Figura 12: Charge acerca da morte do menino Eduardo Ferreira. Autoria: Carlos Latuf. Fonte: <http://consciencia.net/hoje-o-eduardo-foi-morto-no-complexo-do-alemao/> acesso em: 23/10/2016 Figura 13: Charge acerca da repressão policial nas favelas e a estatização do jovem favelado. Autoria: Carlos Latuf. Fonte: <http://www.imparesonline.com.br/2013/09/seguranca-publica-ou-guerra-contra.html> acesso em: 23/10/2016

4.4. Hipótese 04: Intenção de tornar o Morro do Adeus um ponto turístico. No contexto da globalização, a cidade do Rio de Janeiro se insere em um cenário competitivo de disputa por investimentos e pela busca de afirmação e reafirmação da cidade como um dos principais destinos turísticos no âmbito nacional e internacional. Nesse sentido, a escolha da cidade como sede dos megaeventos Copa do Mundo e Olimpíadas acirrou ainda mais os processos de transformações urbanas voltadas para a produção de espaços que possam ser consumidos pelo público turístico. Nos últimos anos, o cenário da favela tem sido divulgado e vendido como cenário exótico e berço da rica diversidade cultural brasileira, sendo crescente os pacotes de passeios turísticos às favelas.
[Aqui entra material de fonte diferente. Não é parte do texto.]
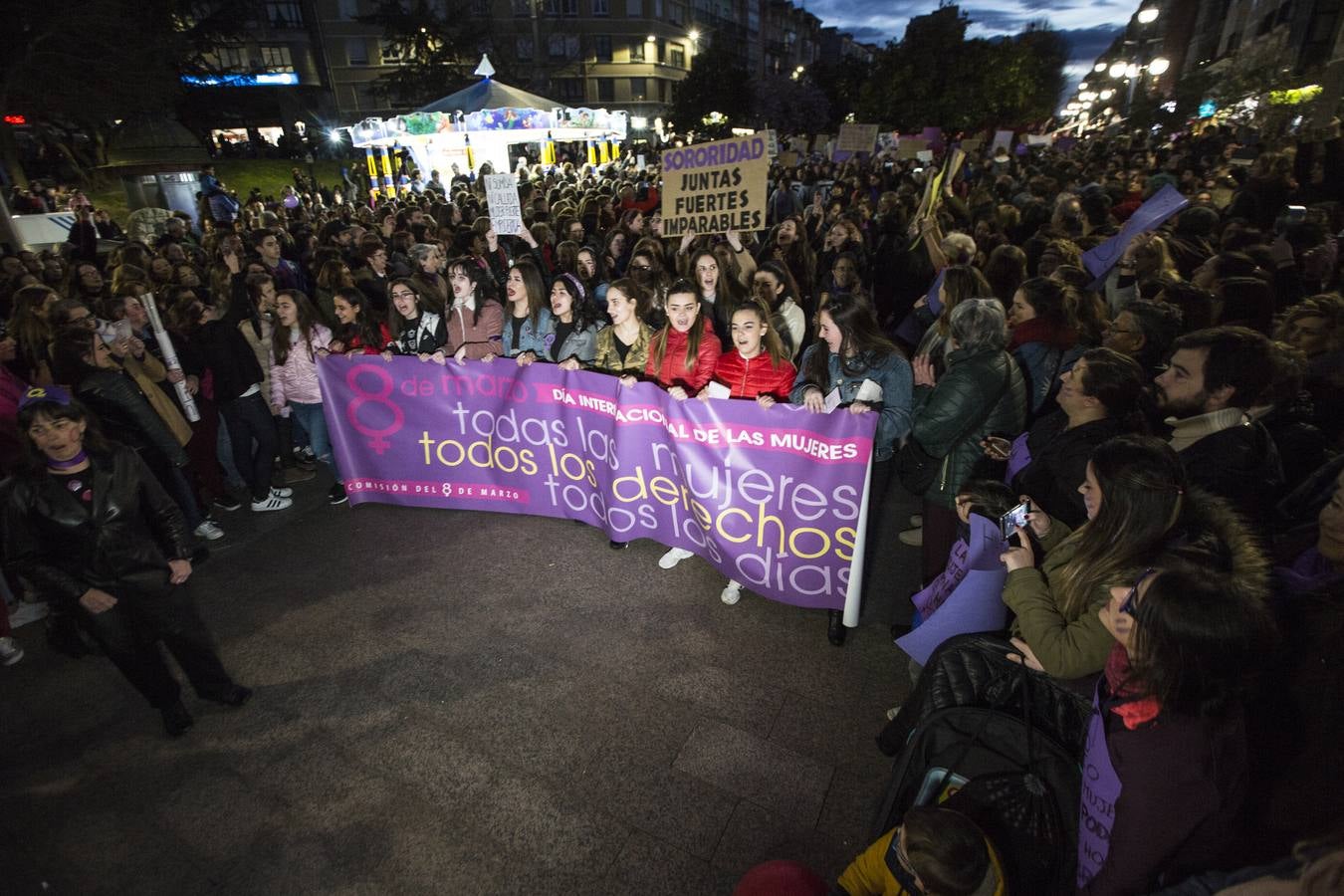 22.000 personas salieron a la calle en la capital para reivindicar los derechos de las mujeres en una movilización histórica en la ciudad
A paisagem do Complexo do Alemão composta pelas casas nas encostas e por uma parte do maciço da Serra da Misericórdia ainda preservado, como pano de fundo, se torna bastante impressionante e atraente. É bastante provável que a construção do teleférico no Complexo do Alemão tenha tido a pretensão de promover o lugar como mais um importante ponto turístico da cidade. A manchete a seguir publicada em julho de 2015 pelo site de notícias da UOL aponta para a confirmação que o teleférico tinha sim o interesse em promover o turismo no local.

Figura 14: manchete UOL notícias. Charge acerca da morte do menino Eduardo Ferreira. Fonte: <http:// noticias.uol.com.br/cotidiano/ultimas-noticias/2015/07/05/deficitario-teleferico-no-alemao-rj-e-visto-com-desinteresse-apos-4-anos.htm#fotoNav=4> acesso em: 23/10/2016.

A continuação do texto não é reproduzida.